Calculates Levenshtein distance and puts it relative to the longest string, so you get a value between 0 and 1 that tells you how similar two strings are. You can use this whenever a 100% match is not feasible and a machine learning model is to expensive for the use case.
I also added a normalization and sorting activity, that can be put upfront the string similarity calculation if you want to ignore any non-word characters and / or if you don't care in what order the strings are filled.
I use this to compare addresses from diffferent systems, as users from different systems often type in addresses kind of similar, but not exactly the same. A value above 0.7 is good enough for me, to validate whether addresses match. Every set of data needs to be analyzed separately. A lot of testing is helpful to find a good value.
1. Compare two strings: The core feature is the comparison of two strings and the return of a similarity value.
2. Remove Non-Word Characters: This feature involves eliminating any character from the text that doesn't contribute to its meaning. These may include punctuations, special symbols, numbers (unless they are relevant), and any other non-alphabetic characters. This process helps to simplify the text, making it easier to analyze and process.
3. Convert to Uppercase: This feature translates all the letters in the text to uppercase. It is a commonly used method for normalizing text data, ensuring consistency across different inputs. This function can be particularly useful when case sensitivity is not relevant to the application, ensuring the text can be evaluated uniformly.

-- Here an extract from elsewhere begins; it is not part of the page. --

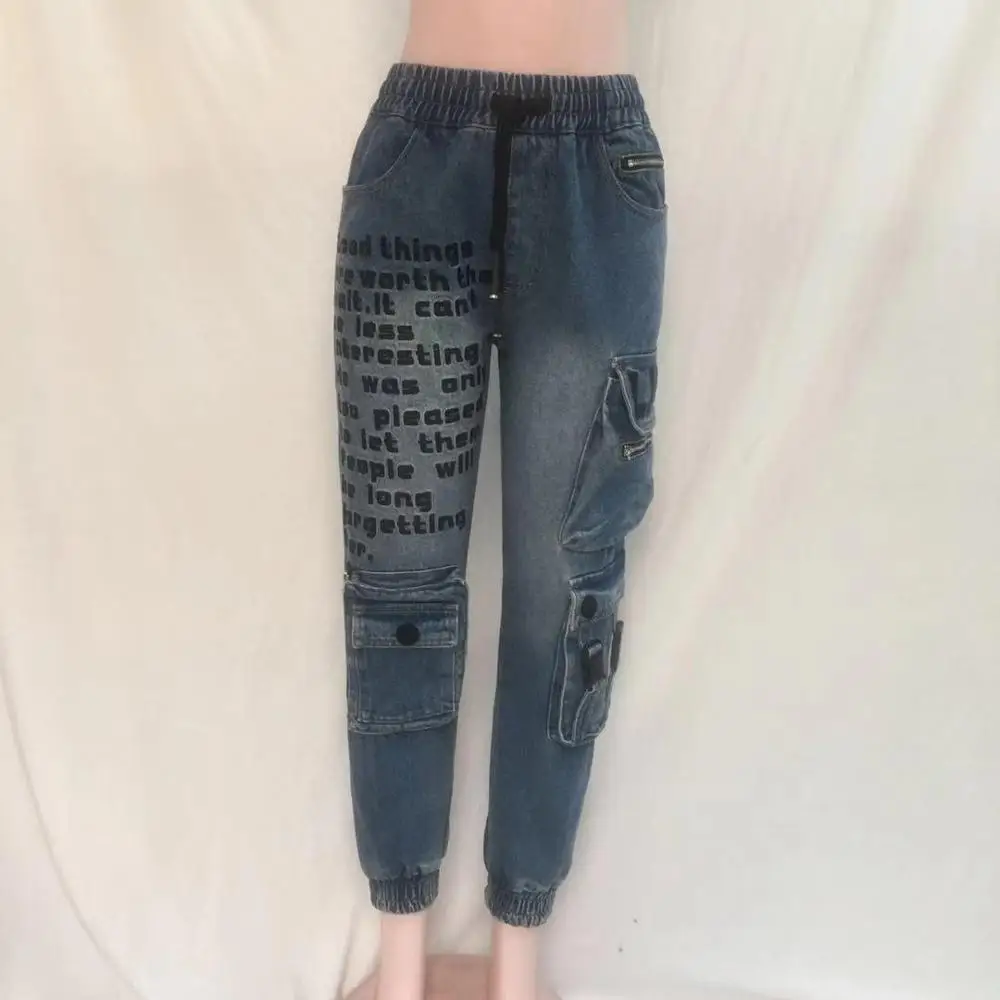 Джинсовые брюки карго женские джинсы женская уличная хиппи| |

4. Sort the String Alphanumeric: This feature involves organizing the content of a string in alphanumeric order. This is a type of sorting where both the numbers (0-9) and the letters (A-Z/a-z) in a string are arranged systematically.
First, all numbers are sorted in ascending order, followed by letters sorted in ascending order (typically, uppercase letters first, then lowercase). For example, the string 'b2a1C3' would become '123Cab'. Sorting the string alphanumeric can be beneficial in a variety of scenarios, such as enhancing data consistency, simplifying search and retrieval processes, and providing a standardized view of the data, especially when dealing with large amounts of text data.